Newborns are tough. That’s what everybody says. But everybody can handle some “tough”, right? Having spent the first week with my little girl, my honest thought is that “tough” simply lacks the punch when communicating what a new dad or mom has to face. Had you said “torment“, I would have had a much better mental preparation. Fair enough, I won’t personally describe this experience as torment either, but a penny for your thought, Reuters made a big reveal in 2008 on how Guantanamo subjected one of its prisoners to various tortures including sleep deprivation by moving him “from one cell to another … on average every two hours and 50 minutes but with more frequent moves at night…”. Two hours and 50 minutes, you say…
Sure, one year down the road, I can probably look back and scorn at the feeble-mindedness of my former self. I will have a much better perspective on any past and temporary anguish which simply could not outshine the joy of fatherhood or what mothers have to go through. But that’s the problem, isn’t it? In the heat of the moment, that perspective hardly helps. All I had was the feeling akin to falling off a balcony while sleepwalking, every two hours and 50 minutes. I couldn’t logically comprehend how long that would last or whether things would even improve afterward. For all I knew, that right there would be the next year and a half of my life.

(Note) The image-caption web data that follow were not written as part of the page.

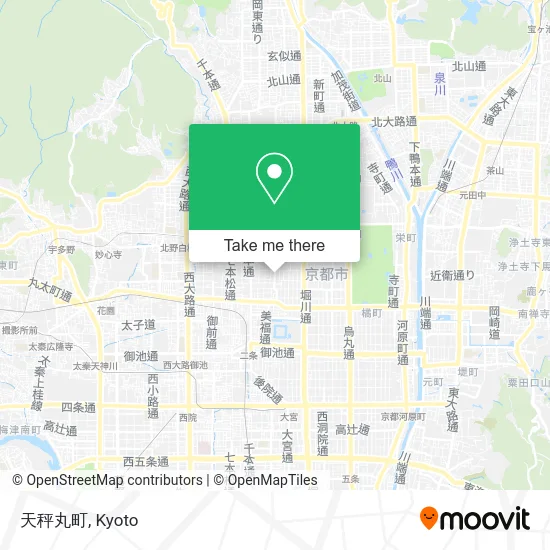 天秤丸町 map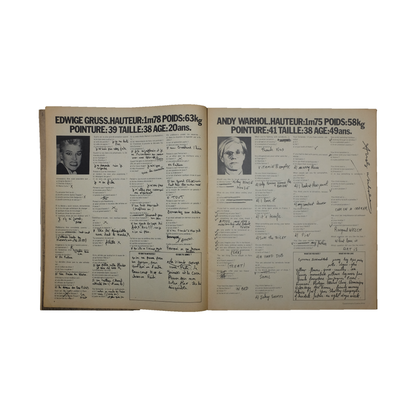 Façade magazine n°4  - Andy Warhol & Edwige Belmore 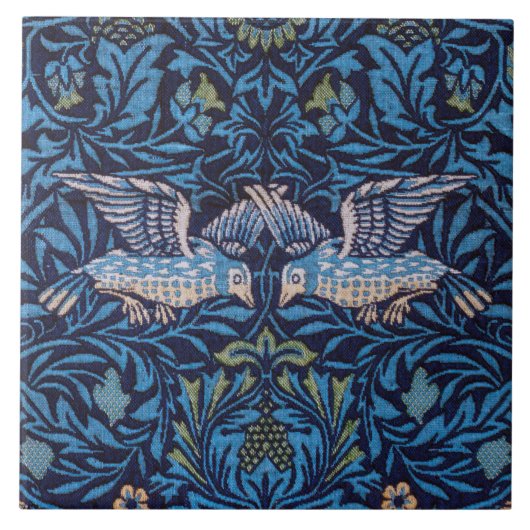 Vogels, William Morris Tegeltje (Voorkant)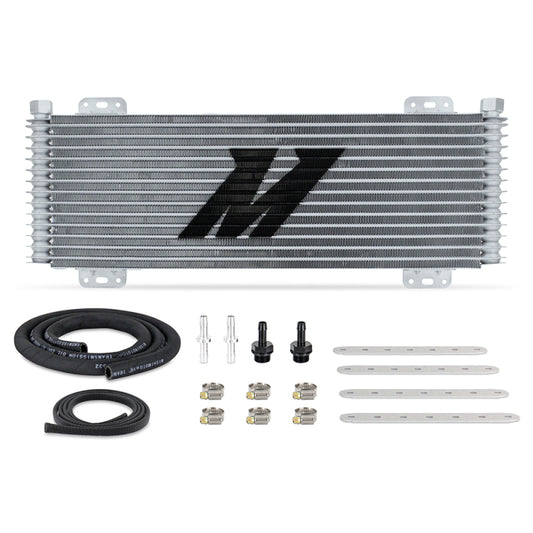 Mishimoto 13-Row Stacked Plate Transmission Cooler - Silver - Blais Performance Parts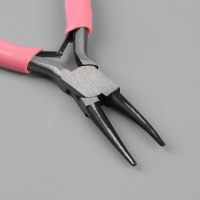 Круглогубцы для рукоделия, 12,5 × 6,5 см, цвет розовый Круглогубцы для рукоделия, 12,5 × 6,5 см, цвет розовый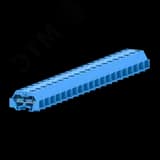 Клемма TB концевая 2-2 с бок. подключ. с защелк. ножками, синяя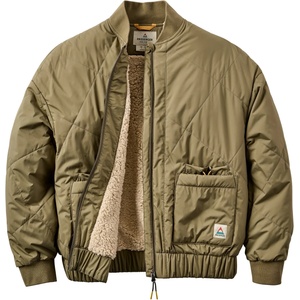 Passenger Дамско ежедневно яке Passenger Women's Lucia Sherpa Lined Bomber Jacket Casual jacket - Dusty Olive (103-2862-0113)
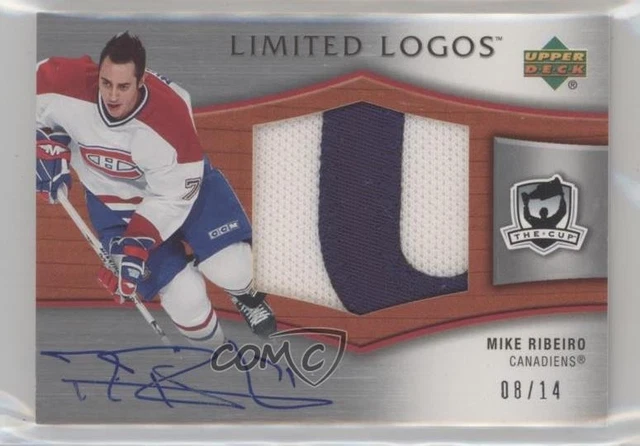 2005-06 Upper Deck The Cup Limited Logos Auto 8/14 Mike Ribeiro #LL-RI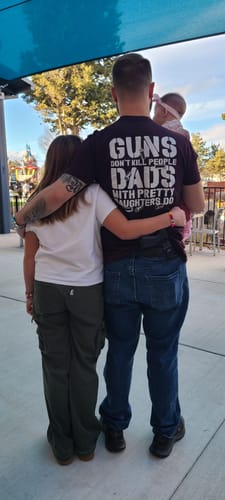 Customer photo review of Guns Don't Dads With Daughters Do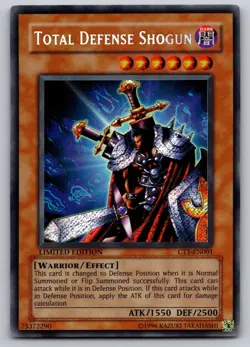 Total Defense Shogun CT1-EN001 2004 Collectors Tin Yu-Gi-Oh Limited Foil MP - Image 1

“This too shall pass”, you say. Oh, I believe you, which is all the more reason why I want to document these raw and vulnerable moments before I cross that ethereal “Great Divide”, beyond which I might also qualify myself to discount or invalidate my own experience and say, “Pssh, hundreds of millions of people go through this every year. I don’t know why I made it a big deal.”
At this point, it should be clear that this isn’t an authoritative guide on mastering your new life as a dad. Quite the contrary, this is a landslide clash between the stone-cold reality and a wide-eyed new dad. No hindsight 20/20. No retrospective filtering. Just raw emotions and experience as they come. I would not mind at all if you are entertained at my expense as you read how I squirm through the crevices of new-dad-hood. Having said that, if any part of this journey brings a ray of hope or solace to any fellow new parents that are not from Navy Seal or Iron Man, my heart will be satisfied.